Findings (quantified)

Numbers are wc -l of each file and diff A B | wc -l (raw diff line count, lower = more similar).

# Files Lines (A / B) Diff lines Notes
1 pi05_mem/video_encoder.py vs pi07/low_level_planner/video_encoder.py 460 / 505 ~115 ~88% identical. Diff is mostly docstring (PI05Mem* vs PI07*), one contextmanager import, and the suppress_spacetime_temporal helper that pi07 adds.
2 pi06/gemma3_with_expert.py vs pi07/gemma3_with_expert.py 861 / 919 ~100 ~94% identical. Diff is one new config flag (load_pretrained_gemma3), updated docstrings (π0.6 → π0.7), and a _multi_modal_projector lookup helper.
3 pi0/paligemma_with_expert.py vs pi05/paligemma_with_expert.py 691 / 786 ~250 ~83% identical. pi05 adds discrete-action vocab support, AdaRMS config, validation.
4 pi07/low_level_planner/modeling_pi07_low_level.py vs pi07_paligemma/low_level_planner/modeling_pi07_low_level.py 1879 / 1744 ~636 Vision-encoder swap (SpaceTimeSiglip ↔ V-JEPA2) + class-name changes. See also #210, #211, #192.
5 pi07/high_level_planner/modeling_pi07_high_level.py vs pi07_paligemma/high_level_planner/modeling_pi07_high_level.py 1487 / 1440 ~391 Same situation as #4 but for the high-level planner.
6 pi05/modeling_pi05.py vs pi05_mem/modeling_pi05.py 1733 / 1194 ~1570 pi05_mem is an intentional memory variant — biggest divergence of the six, but the shared scaffolding (forward, prepare_*, sample_actions) is still copy-paste.
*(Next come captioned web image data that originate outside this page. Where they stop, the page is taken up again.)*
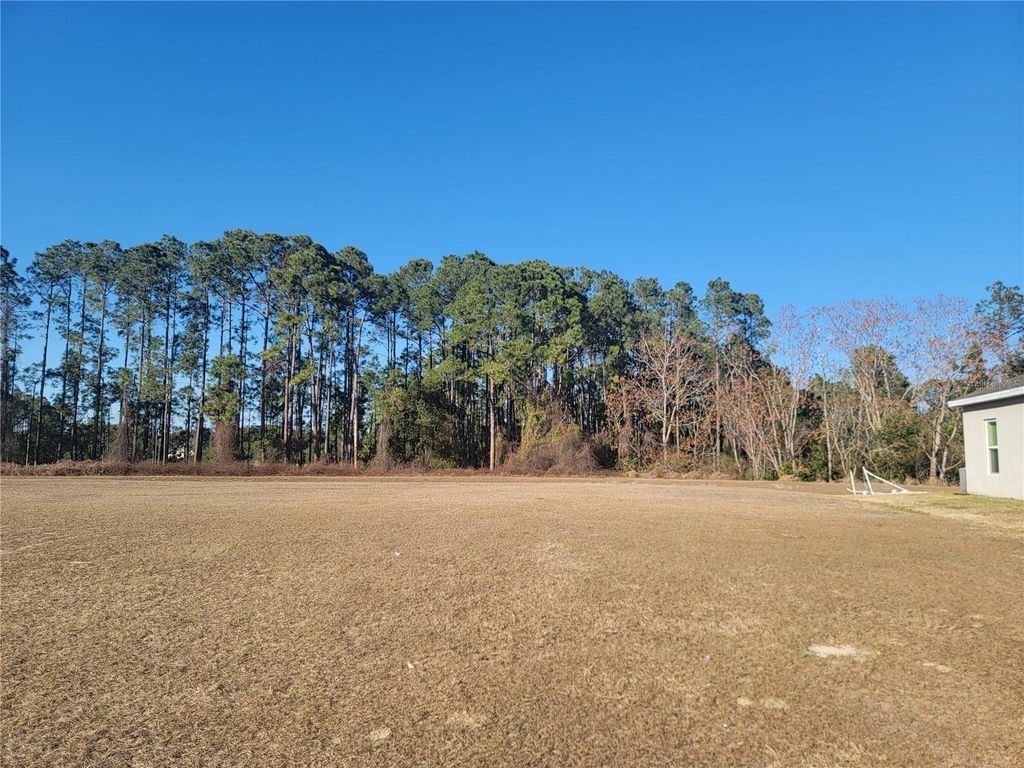 Photo of 5820 Windsong Oak Drive, Leesburg, FL 34748 (MLS # G5107960)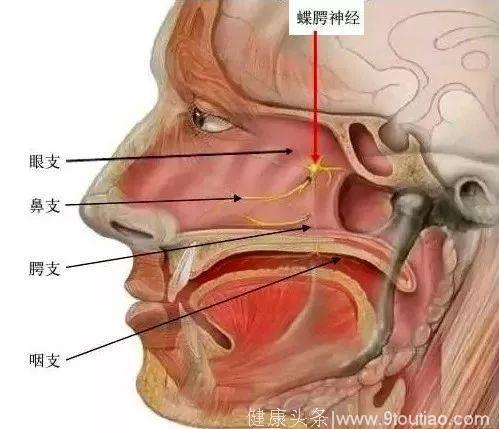 10余年过敏性鼻炎老病号 终于摆脱了流鼻涕 随访没复发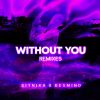 Download track Without You (DESMIND Beats Reborn Remix)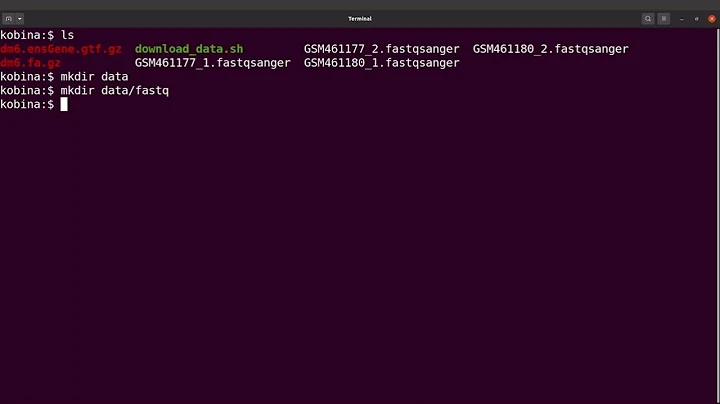 linux for beginners   how to move files to another directory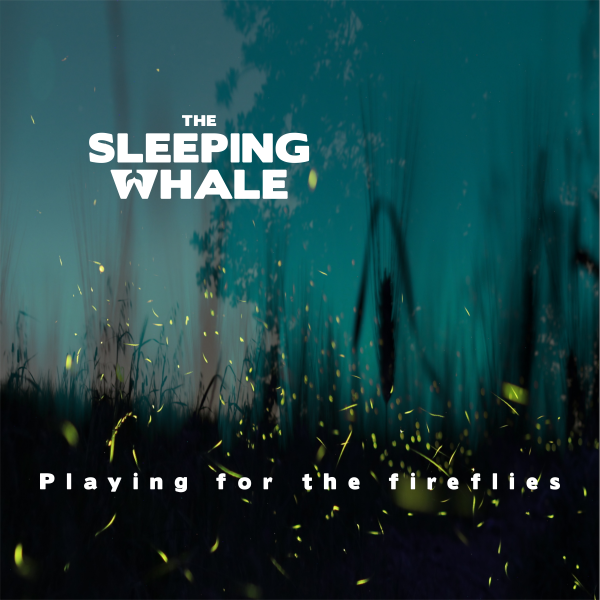 The Sleeping Whale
Method-level duplication in modeling_*.py

Every flow-matching policy reimplements the same surface. Grepping method signatures across pi0, pi05, pi06, pi07/low_level_planner:

predict_action_chunk(batch)
select_action(batch, noise=None)
sample_actions(batch, noise=None)
forward(batch)
prepare_images(batch)            # pi07 has prepare_videos + prepare_subgoal_images instead
prepare_language(batch)
prepare_state(batch)             # pi0, pi05, pi07
prepare_discrete_state(batch)    # pi05, pi06, pi07_high
prepare_discrete_actions(batch)  # pi05, pi06, pi07_low
prepare_response(batch)          # pi05, pi06, pi07
sample_noise(shape, device)
sample_time(bsize, device)

And inside each *FlowMatching submodule:

embed_prefix(...)
embed_suffix(noisy_actions, timestep)
forward(...)
sample_actions(...)
denoise_step(...)

The bodies of sample_noise, sample_time, select_action, predict_action_chunk, and denoise_step are byte-trivial differences across policies.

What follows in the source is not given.